## What this task involves:
Exact copy, no pictures: output each line below as it stands.

Records for this task START

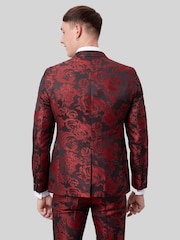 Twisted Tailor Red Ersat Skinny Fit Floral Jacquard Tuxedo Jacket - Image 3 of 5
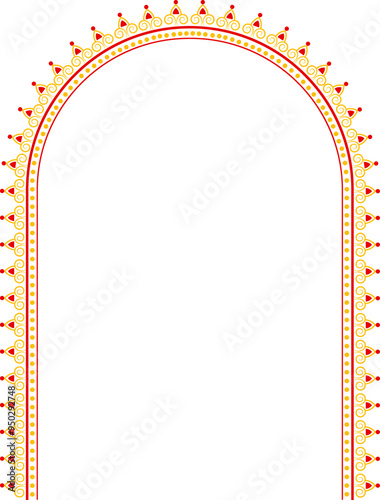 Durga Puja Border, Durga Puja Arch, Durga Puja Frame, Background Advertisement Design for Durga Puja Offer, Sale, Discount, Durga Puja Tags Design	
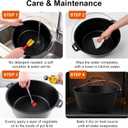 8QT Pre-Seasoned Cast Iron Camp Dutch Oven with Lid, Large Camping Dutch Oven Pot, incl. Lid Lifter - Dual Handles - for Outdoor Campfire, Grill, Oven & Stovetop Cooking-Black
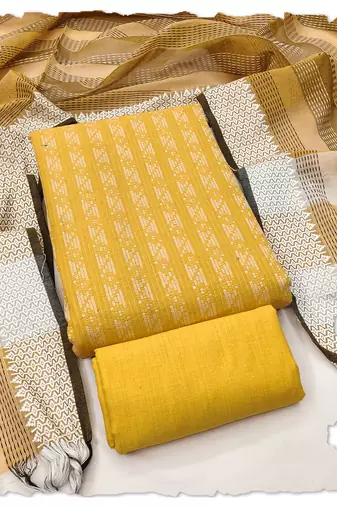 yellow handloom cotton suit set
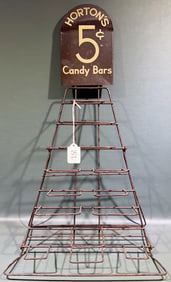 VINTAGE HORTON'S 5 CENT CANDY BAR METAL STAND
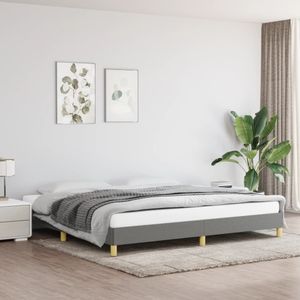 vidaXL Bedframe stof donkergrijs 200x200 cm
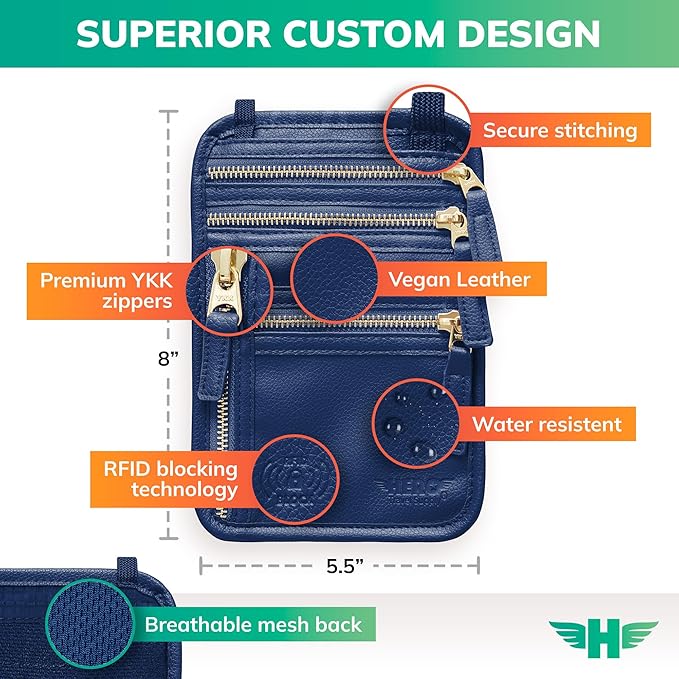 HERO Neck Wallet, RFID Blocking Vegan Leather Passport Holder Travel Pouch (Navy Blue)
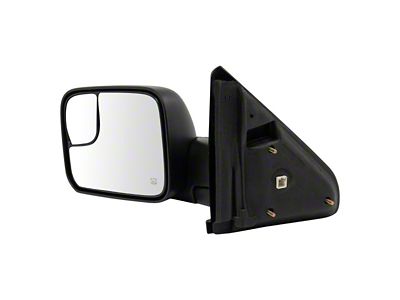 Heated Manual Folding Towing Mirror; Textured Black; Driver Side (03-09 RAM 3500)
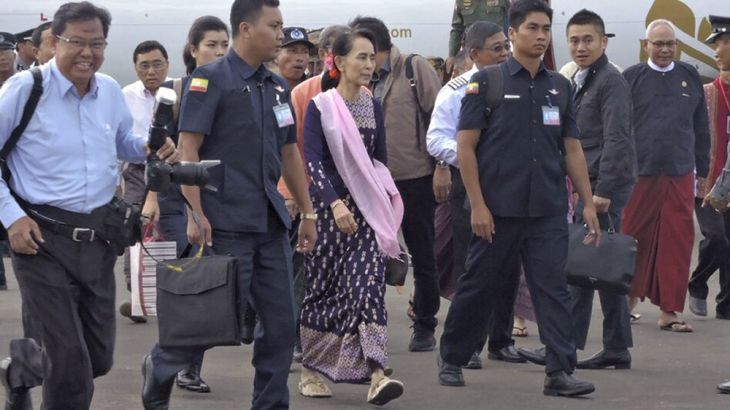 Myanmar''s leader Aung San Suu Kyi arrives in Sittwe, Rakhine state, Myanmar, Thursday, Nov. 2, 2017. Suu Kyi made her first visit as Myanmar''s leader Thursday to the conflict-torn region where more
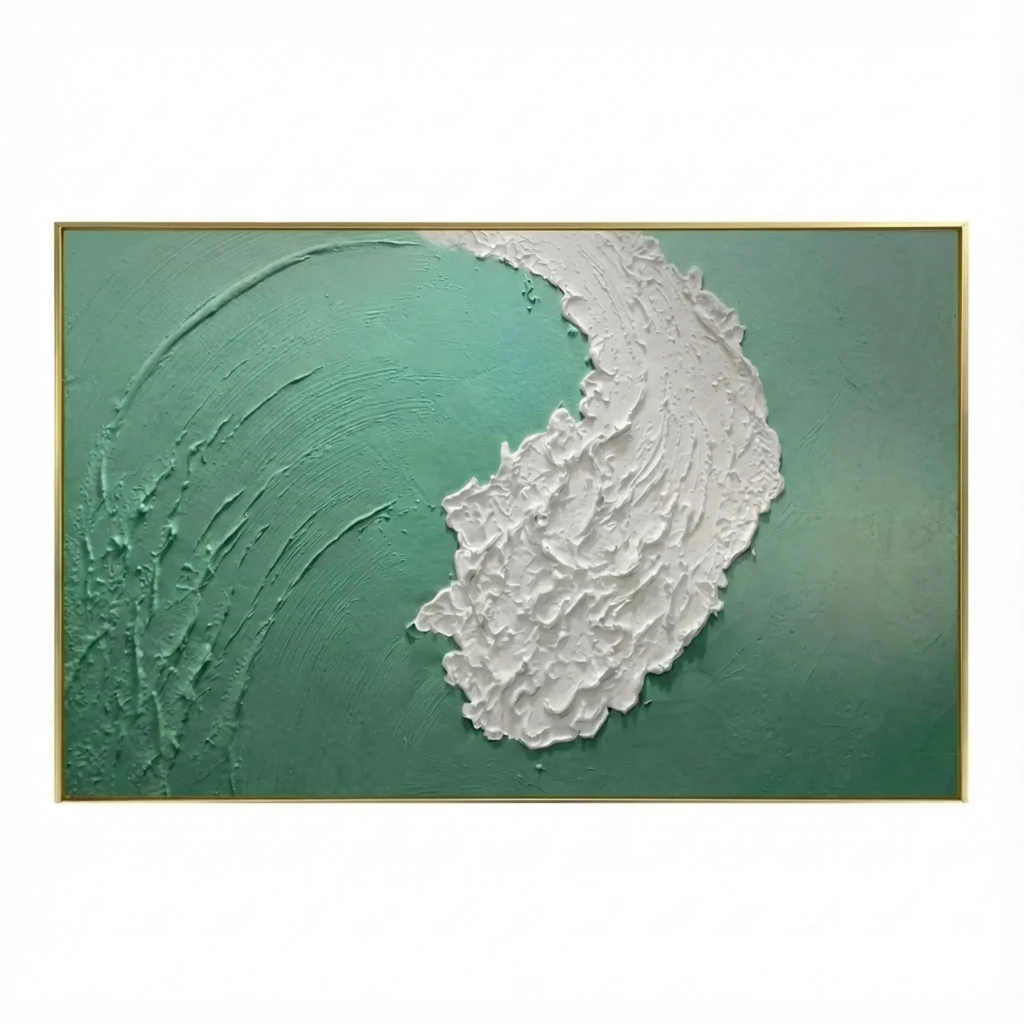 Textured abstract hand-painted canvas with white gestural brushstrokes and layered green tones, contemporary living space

Records for this task END

## Response for this exercise:
 Twisted Tailor Red Ersat Skinny Fit Floral Jacquard Tuxedo Jacket - Image 3 of 5
 Durga Puja Border, Durga Puja Arch, Durga Puja Frame, Background Advertisement Design for Durga Puja Offer, Sale, Discount, Durga Puja Tags Design	
 8QT Pre-Seasoned Cast Iron Camp Dutch Oven with Lid, Large Camping Dutch Oven Pot, incl. Lid Lifter - Dual Handles - for Outdoor Campfire, Grill, Oven & Stovetop Cooking-Black
 yellow handloom cotton suit set
 VINTAGE HORTON'S 5 CENT CANDY BAR METAL STAND
 vidaXL Bedframe stof donkergrijs 200x200 cm
 HERO Neck Wallet, RFID Blocking Vegan Leather Passport Holder Travel Pouch (Navy Blue)
 Heated Manual Folding Towing Mirror; Textured Black; Driver Side (03-09 RAM 3500)
 Myanmar''s leader Aung San Suu Kyi arrives in Sittwe, Rakhine state, Myanmar, Thursday, Nov. 2, 2017. Suu Kyi made her first visit as Myanmar''s leader Thursday to the conflict-torn region where more
 Textured abstract hand-painted canvas with white gestural brushstrokes and layered green tones, contemporary living space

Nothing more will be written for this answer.